I was enjoying a caffe latte at Turtle Bread Company in south Minneapolis when I heard a familiar voice.
“Hi, Doc,” said a young man. He pulled a chair up to my table.
“Remember me?” he said. “A few weeks ago you cured me of saying until such time as and during the course of when I could say until and during. We were at a Minneapolis brew pub location. You conducted a wordiness reduction intervention procedure. Now, thanks to you, I know how to do wordiness elimination in sentences like this one:
“ ‘I deem it desirable that we gather together after our summer school class today to commence work on our homework in a collaborative fashion at our earliest possible convenience so that we might proceed to the lake expeditiously and take part in some ichthyologic recreation.’ ”
“I’m pleased to hear that,” I said, “but how would you condense that sentence?”

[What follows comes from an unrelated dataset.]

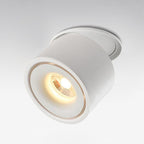 Adjustable Cylinder Built-in LED Ceiling Lamp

“I’d say, ‘Wanna do homework together after summer school today so that we can go fishing?’ ”
“Excellent. Now tell me again where we met.”
“At a Minneapolis brew pub location.”
“Hmmm. And what did we do there?”
“Adjective and adverb examination and elimination exercises.”

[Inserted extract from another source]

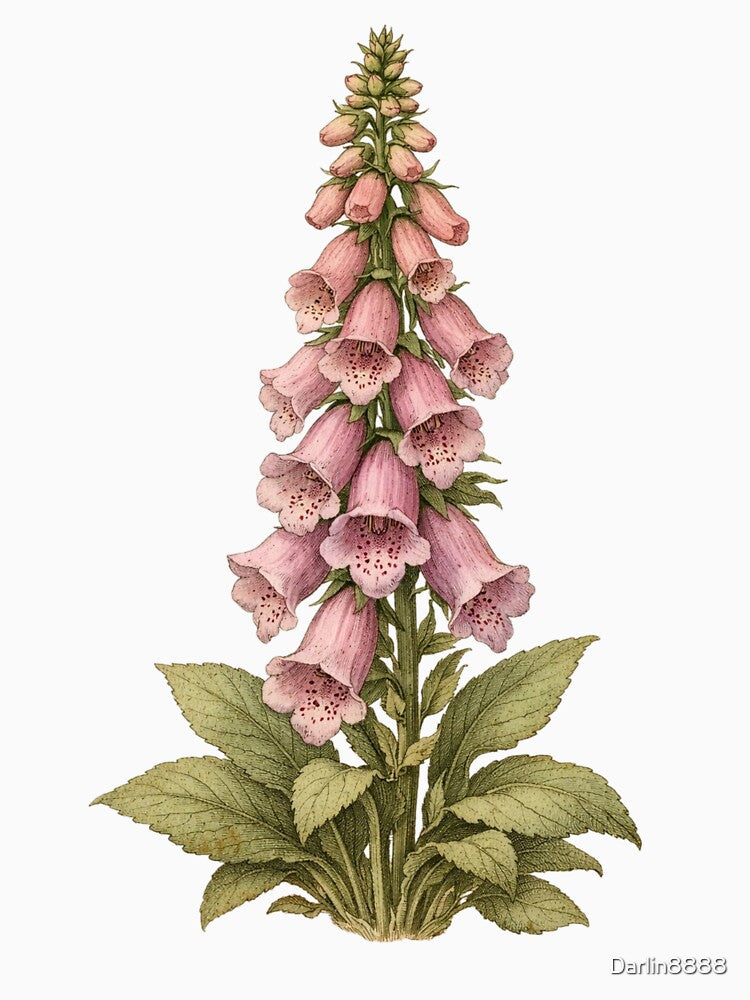 Vintage Foxglove Botanical Illustration - Digitalis Purpurea Antique Botanical Print by Darlin8888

“What’s the matter, Doc?” he said in a worried tone. “Am I having a needless modifier relapse experience?”
“No, but you do seem to be suffering from a bad case of noun stacks.”

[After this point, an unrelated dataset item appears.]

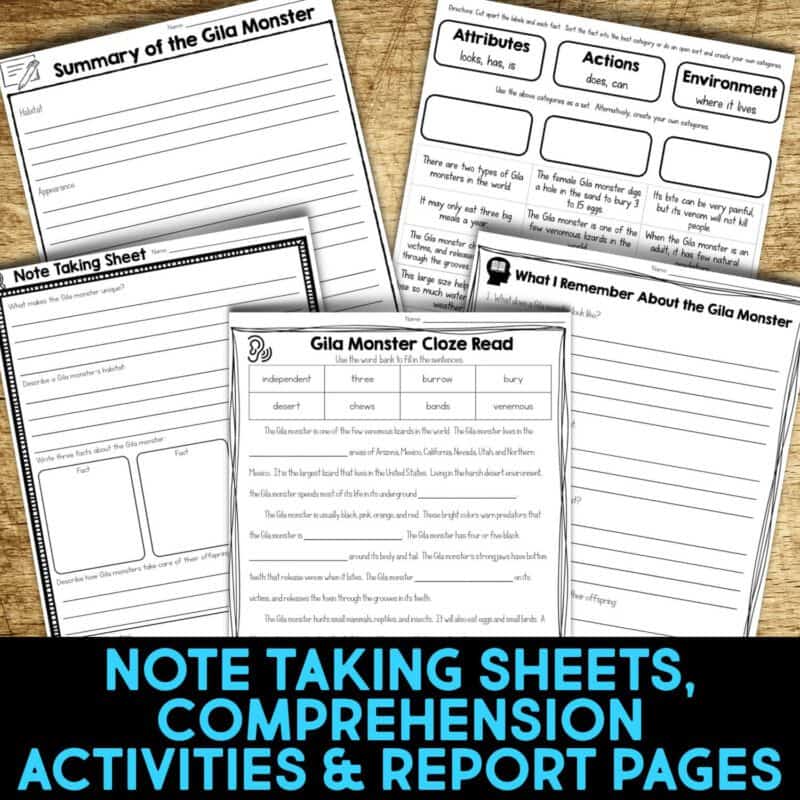 Gila Monster 3 gila monster worksheets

“Oh, my,” he said. “Is that serious?”
“Possibly,” I said. “We all use noun stacks, as in ‘Are you having pre-departure jitters?’ and ‘Have you ever experienced a parachute deployment malfunction?’ They’re common in technical and scientific language, where they can be handy but inexact, depending on how they’re used. As a rule, if you go beyond two or three nouns in a stack, you’re in trouble.”
“So how am I doing?”
“Well, your phrase wordiness elimination has two nouns, and a Minneapolis brew pub location has four.”